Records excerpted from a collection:
════════════════════

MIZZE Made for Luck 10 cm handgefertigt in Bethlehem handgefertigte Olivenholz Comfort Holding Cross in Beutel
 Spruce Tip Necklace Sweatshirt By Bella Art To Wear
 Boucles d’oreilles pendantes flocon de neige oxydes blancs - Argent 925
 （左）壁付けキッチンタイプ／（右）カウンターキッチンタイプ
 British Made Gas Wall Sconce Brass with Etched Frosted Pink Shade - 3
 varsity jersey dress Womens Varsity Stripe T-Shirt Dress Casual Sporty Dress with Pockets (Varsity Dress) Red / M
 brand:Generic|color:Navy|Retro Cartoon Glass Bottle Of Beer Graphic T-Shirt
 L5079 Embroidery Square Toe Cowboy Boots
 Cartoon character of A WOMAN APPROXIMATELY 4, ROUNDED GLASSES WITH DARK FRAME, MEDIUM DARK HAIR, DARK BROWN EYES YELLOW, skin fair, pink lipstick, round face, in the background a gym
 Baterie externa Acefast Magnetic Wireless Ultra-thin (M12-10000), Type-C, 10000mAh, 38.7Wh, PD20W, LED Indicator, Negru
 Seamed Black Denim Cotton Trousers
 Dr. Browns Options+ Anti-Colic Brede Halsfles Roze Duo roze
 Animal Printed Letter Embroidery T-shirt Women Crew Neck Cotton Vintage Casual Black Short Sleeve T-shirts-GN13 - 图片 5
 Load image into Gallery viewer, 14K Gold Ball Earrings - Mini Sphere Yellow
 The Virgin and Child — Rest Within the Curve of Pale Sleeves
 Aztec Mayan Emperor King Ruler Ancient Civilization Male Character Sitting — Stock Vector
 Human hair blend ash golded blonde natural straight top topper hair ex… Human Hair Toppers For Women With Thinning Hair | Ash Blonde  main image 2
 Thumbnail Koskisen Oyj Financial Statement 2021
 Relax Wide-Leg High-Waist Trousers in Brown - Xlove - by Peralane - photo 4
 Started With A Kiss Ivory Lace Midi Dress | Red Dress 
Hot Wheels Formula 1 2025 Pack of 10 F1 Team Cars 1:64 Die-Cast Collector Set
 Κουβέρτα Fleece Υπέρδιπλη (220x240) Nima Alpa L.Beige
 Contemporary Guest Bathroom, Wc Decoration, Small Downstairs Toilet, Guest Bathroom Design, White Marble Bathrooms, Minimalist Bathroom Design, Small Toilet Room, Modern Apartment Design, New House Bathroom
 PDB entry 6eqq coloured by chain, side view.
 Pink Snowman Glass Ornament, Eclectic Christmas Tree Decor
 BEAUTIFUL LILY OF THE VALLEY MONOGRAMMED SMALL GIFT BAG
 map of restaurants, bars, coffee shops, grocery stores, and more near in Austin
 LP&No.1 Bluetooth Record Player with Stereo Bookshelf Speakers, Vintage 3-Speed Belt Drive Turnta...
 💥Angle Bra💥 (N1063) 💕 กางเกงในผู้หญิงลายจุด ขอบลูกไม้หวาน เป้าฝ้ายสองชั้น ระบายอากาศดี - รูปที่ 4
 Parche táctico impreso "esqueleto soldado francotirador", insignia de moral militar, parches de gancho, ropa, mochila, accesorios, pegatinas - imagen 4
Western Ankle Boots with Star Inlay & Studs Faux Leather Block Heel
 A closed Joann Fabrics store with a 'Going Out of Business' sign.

════════════════════

(TASK DIRECTIONS): For this exercise, give every entry again exactly as it appears.

(ANSWER TO THE PROBLEM):
MIZZE Made for Luck 10 cm handgefertigt in Bethlehem handgefertigte Olivenholz Comfort Holding Cross in Beutel
 Spruce Tip Necklace Sweatshirt By Bella Art To Wear
 Boucles d’oreilles pendantes flocon de neige oxydes blancs - Argent 925
 （左）壁付けキッチンタイプ／（右）カウンターキッチンタイプ
 British Made Gas Wall Sconce Brass with Etched Frosted Pink Shade - 3
 varsity jersey dress Womens Varsity Stripe T-Shirt Dress Casual Sporty Dress with Pockets (Varsity Dress) Red / M
 brand:Generic|color:Navy|Retro Cartoon Glass Bottle Of Beer Graphic T-Shirt
 L5079 Embroidery Square Toe Cowboy Boots
 Cartoon character of A WOMAN APPROXIMATELY 4, ROUNDED GLASSES WITH DARK FRAME, MEDIUM DARK HAIR, DARK BROWN EYES YELLOW, skin fair, pink lipstick, round face, in the background a gym
 Baterie externa Acefast Magnetic Wireless Ultra-thin (M12-10000), Type-C, 10000mAh, 38.7Wh, PD20W, LED Indicator, Negru
 Seamed Black Denim Cotton Trousers
 Dr. Browns Options+ Anti-Colic Brede Halsfles Roze Duo roze
 Animal Printed Letter Embroidery T-shirt Women Crew Neck Cotton Vintage Casual Black Short Sleeve T-shirts-GN13 - 图片 5
 Load image into Gallery viewer, 14K Gold Ball Earrings - Mini Sphere Yellow
 The Virgin and Child — Rest Within the Curve of Pale Sleeves
 Aztec Mayan Emperor King Ruler Ancient Civilization Male Character Sitting — Stock Vector
 Human hair blend ash golded blonde natural straight top topper hair ex… Human Hair Toppers For Women With Thinning Hair | Ash Blonde  main image 2
 Thumbnail Koskisen Oyj Financial Statement 2021
 Relax Wide-Leg High-Waist Trousers in Brown - Xlove - by Peralane - photo 4
 Started With A Kiss Ivory Lace Midi Dress | Red Dress 
Hot Wheels Formula 1 2025 Pack of 10 F1 Team Cars 1:64 Die-Cast Collector Set
 Κουβέρτα Fleece Υπέρδιπλη (220x240) Nima Alpa L.Beige
 Contemporary Guest Bathroom, Wc Decoration, Small Downstairs Toilet, Guest Bathroom Design, White Marble Bathrooms, Minimalist Bathroom Design, Small Toilet Room, Modern Apartment Design, New House Bathroom
 PDB entry 6eqq coloured by chain, side view.
 Pink Snowman Glass Ornament, Eclectic Christmas Tree Decor
 BEAUTIFUL LILY OF THE VALLEY MONOGRAMMED SMALL GIFT BAG
 map of restaurants, bars, coffee shops, grocery stores, and more near in Austin
 LP&No.1 Bluetooth Record Player with Stereo Bookshelf Speakers, Vintage 3-Speed Belt Drive Turnta...
 💥Angle Bra💥 (N1063) 💕 กางเกงในผู้หญิงลายจุด ขอบลูกไม้หวาน เป้าฝ้ายสองชั้น ระบายอากาศดี - รูปที่ 4
 Parche táctico impreso "esqueleto soldado francotirador", insignia de moral militar, parches de gancho, ropa, mochila, accesorios, pegatinas - imagen 4
Western Ankle Boots with Star Inlay & Studs Faux Leather Block Heel
 A closed Joann Fabrics store with a 'Going Out of Business' sign.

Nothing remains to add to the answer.